◆ **Data excerpts**
----------------

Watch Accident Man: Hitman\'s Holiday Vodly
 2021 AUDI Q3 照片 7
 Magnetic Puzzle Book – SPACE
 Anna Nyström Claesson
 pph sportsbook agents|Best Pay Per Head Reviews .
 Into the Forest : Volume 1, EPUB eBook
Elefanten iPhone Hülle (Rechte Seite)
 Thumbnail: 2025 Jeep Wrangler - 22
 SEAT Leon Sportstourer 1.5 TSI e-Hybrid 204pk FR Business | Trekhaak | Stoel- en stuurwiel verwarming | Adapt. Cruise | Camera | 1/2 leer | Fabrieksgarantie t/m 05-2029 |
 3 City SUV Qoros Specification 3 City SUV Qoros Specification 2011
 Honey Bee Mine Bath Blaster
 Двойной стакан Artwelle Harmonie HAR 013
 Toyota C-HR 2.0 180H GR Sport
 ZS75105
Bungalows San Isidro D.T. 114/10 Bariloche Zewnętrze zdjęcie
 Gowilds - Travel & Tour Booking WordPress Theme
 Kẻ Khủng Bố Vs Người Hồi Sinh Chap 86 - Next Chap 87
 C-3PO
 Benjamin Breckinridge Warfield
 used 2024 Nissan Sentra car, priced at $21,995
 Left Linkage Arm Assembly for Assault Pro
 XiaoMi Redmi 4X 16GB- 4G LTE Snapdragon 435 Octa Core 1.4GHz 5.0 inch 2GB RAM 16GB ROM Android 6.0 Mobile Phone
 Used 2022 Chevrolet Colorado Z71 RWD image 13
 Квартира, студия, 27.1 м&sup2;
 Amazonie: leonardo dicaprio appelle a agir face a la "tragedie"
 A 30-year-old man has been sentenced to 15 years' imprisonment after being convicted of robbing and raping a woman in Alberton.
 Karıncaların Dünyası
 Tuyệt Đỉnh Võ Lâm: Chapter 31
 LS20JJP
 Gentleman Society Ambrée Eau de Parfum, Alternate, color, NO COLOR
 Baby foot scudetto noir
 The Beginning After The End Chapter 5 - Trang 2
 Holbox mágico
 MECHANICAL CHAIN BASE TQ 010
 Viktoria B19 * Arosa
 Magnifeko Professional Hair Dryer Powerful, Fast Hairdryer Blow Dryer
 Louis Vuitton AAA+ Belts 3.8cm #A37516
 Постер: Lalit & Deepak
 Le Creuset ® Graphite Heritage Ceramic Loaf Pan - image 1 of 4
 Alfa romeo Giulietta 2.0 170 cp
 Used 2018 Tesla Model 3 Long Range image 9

----------------

◆ **WHAT NEEDS TO BE DONE**
Could you transcribe every record above exactly as it appears?

◆ **REPLY**
Watch Accident Man: Hitman\'s Holiday Vodly
 2021 AUDI Q3 照片 7
 Magnetic Puzzle Book – SPACE
 Anna Nyström Claesson
 pph sportsbook agents|Best Pay Per Head Reviews .
 Into the Forest : Volume 1, EPUB eBook
Elefanten iPhone Hülle (Rechte Seite)
 Thumbnail: 2025 Jeep Wrangler - 22
 SEAT Leon Sportstourer 1.5 TSI e-Hybrid 204pk FR Business | Trekhaak | Stoel- en stuurwiel verwarming | Adapt. Cruise | Camera | 1/2 leer | Fabrieksgarantie t/m 05-2029 |
 3 City SUV Qoros Specification 3 City SUV Qoros Specification 2011
 Honey Bee Mine Bath Blaster
 Двойной стакан Artwelle Harmonie HAR 013
 Toyota C-HR 2.0 180H GR Sport
 ZS75105
Bungalows San Isidro D.T. 114/10 Bariloche Zewnętrze zdjęcie
 Gowilds - Travel & Tour Booking WordPress Theme
 Kẻ Khủng Bố Vs Người Hồi Sinh Chap 86 - Next Chap 87
 C-3PO
 Benjamin Breckinridge Warfield
 used 2024 Nissan Sentra car, priced at $21,995
 Left Linkage Arm Assembly for Assault Pro
 XiaoMi Redmi 4X 16GB- 4G LTE Snapdragon 435 Octa Core 1.4GHz 5.0 inch 2GB RAM 16GB ROM Android 6.0 Mobile Phone
 Used 2022 Chevrolet Colorado Z71 RWD image 13
 Квартира, студия, 27.1 м&sup2;
 Amazonie: leonardo dicaprio appelle a agir face a la "tragedie"
 A 30-year-old man has been sentenced to 15 years' imprisonment after being convicted of robbing and raping a woman in Alberton.
 Karıncaların Dünyası
 Tuyệt Đỉnh Võ Lâm: Chapter 31
 LS20JJP
 Gentleman Society Ambrée Eau de Parfum, Alternate, color, NO COLOR
 Baby foot scudetto noir
 The Beginning After The End Chapter 5 - Trang 2
 Holbox mágico
 MECHANICAL CHAIN BASE TQ 010
 Viktoria B19 * Arosa
 Magnifeko Professional Hair Dryer Powerful, Fast Hairdryer Blow Dryer
 Louis Vuitton AAA+ Belts 3.8cm #A37516
 Постер: Lalit & Deepak
 Le Creuset ® Graphite Heritage Ceramic Loaf Pan - image 1 of 4
 Alfa romeo Giulietta 2.0 170 cp
 Used 2018 Tesla Model 3 Long Range image 9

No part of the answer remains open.